Un partenariat avec Taylor pour soutenir les auteurs-compositeurs en devenir
Quelques années auparavant, Taylor Guitars a eu l’occasion d’initier une collaboration avec le Bluebird. Bien que le club soit sélectif quant à ses partenariats, Erika et Tim Godwin, directeur des relations artistes et du divertissement chez Taylor, reconnurent que le Bluebird et la marque étaient tous deux animés d’une même passion : aider les auteurs-compositeurs à progresser.
« Quand nous avons examiné notre partenariat avec Taylor, explique Erika, nous nous sommes demandé ce que nous pouvions faire qui soutiendrait à la fois les objectifs de Taylor (donner l’occasion à des musiciens, des artistes et des compositeurs de se produire) et notre volonté de permettre aux gens de progresser. »
Ancien musicien professionnel et amateur de musique bien faite, Tim indique qu’au fil des années, assister à des concerts au Bluebird lui a permis de mieux apprécier le cadre stimulant que le lieu a cultivé.

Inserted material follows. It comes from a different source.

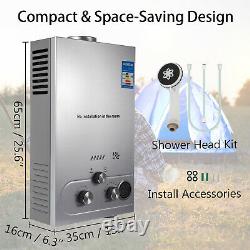 18L 4.8 GPM Propane Gas LPG Instant Hot Water Heater Tankless Boiler with Shower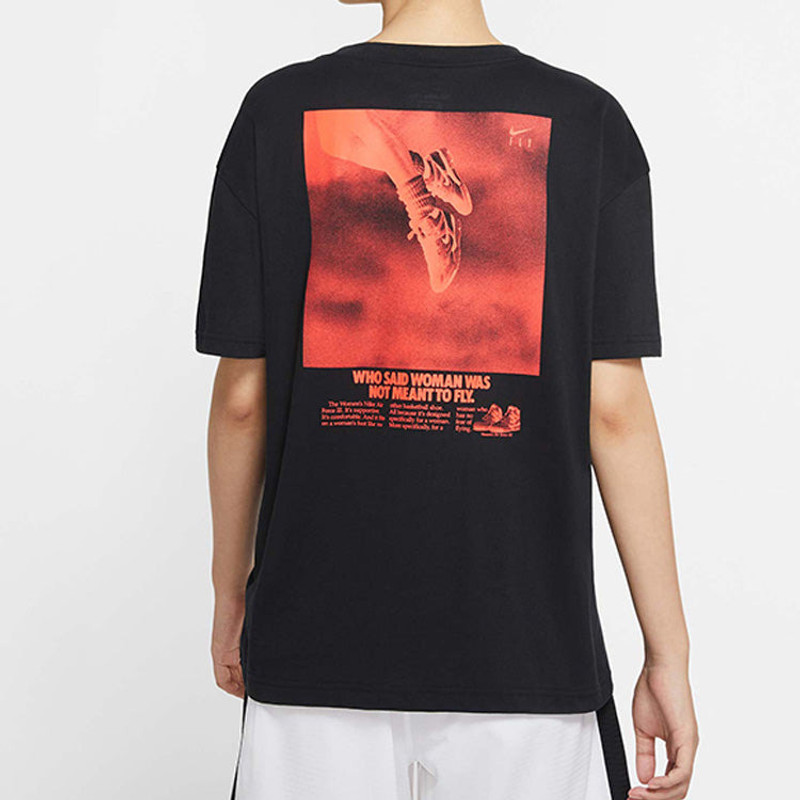 (WMNS) Nike Dri-Fit 농구 짧은 소매 'Fly Black' CV0951-010 7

« Ce que j’aime quand j’assiste à des concerts ici, c’est la façon dont les paroles prennent véritablement vie, déclare-t-il. Quand vous écoutez un disque, vous entendez tout ce qui touche à la production ; ici, c’est simplement la guitare, les paroles, et vous avez vraiment l’impression d’être DANS la chanson. C’est une expérience fantastique, à la fois pour le public et pour l’artiste. »
« Ici, les auteurs-compositeurs sont rois ; notre travail, c’est de veiller à ce que les gens s’en rendent compte. »
Notre partenariat a officiellement pris son envol en 2020, sous la forme du Bluebird Golden Pick Contest : ce concours permettait aux compositeurs de gagner un créneau lors de la scène ouverte du lundi au Bluebird, un événement très convoité. Les auteurs-compositeurs-interprètes, quelle que soit leur provenance, peuvent publier une performance vidéo de leur morceau original sur Instagram et ainsi bénéficier d’une chance d’être sélectionnés pour jouer deux chansons au Bluebird. Un comité constitué par le Bluebird choisit une fois par mois un lauréat ; chaque vainqueur reçoit également une guitare American Dream de Taylor, ainsi qu’un enregistrement vidéo professionnel gratuit de lui en train d’interpréter sa chanson gagnante au showroom Taylor de Nashville, chez Soundcheck Studios. (Pour de plus amples informations sur le concours, veuillez cliquer ici.)
Cette année marque la quatrième édition du concours. Pour lancer la nouvelle saison, quelques membres de l’équipe des relations artistes de Taylor, notamment Tim Godwin, Lindsay Love-Bivens (directrice des relations artistes et communauté Taylor) et Gabriel O’Brien (producteur vidéo), se sont rendus à Nashville pour aborder avec Erika et d’autres l’histoire du Bluebird. Ils se sont également entretenus avec deux artistes et interprètes chevronnés du Bluebird, ayant animé les célèbres concerts « In the Round » du club (l’artiste joue au milieu du public) : Marshall Altman, compositeur, producteur de disques et directeur artistes et répertoire (A & R) à Nashville ; et Dave Barnes, auteur-compositeur-interprète.
Comme le hasard fait bien les choses, Kat & Alex, un duo de musiciens prometteurs avec lequel Taylor travaille, venait juste de se produire pour la première fois lors de la scène ouverte du lundi au Bluebird. Tim a donc pu recueillir leurs impressions toutes fraîches sur l’expérience.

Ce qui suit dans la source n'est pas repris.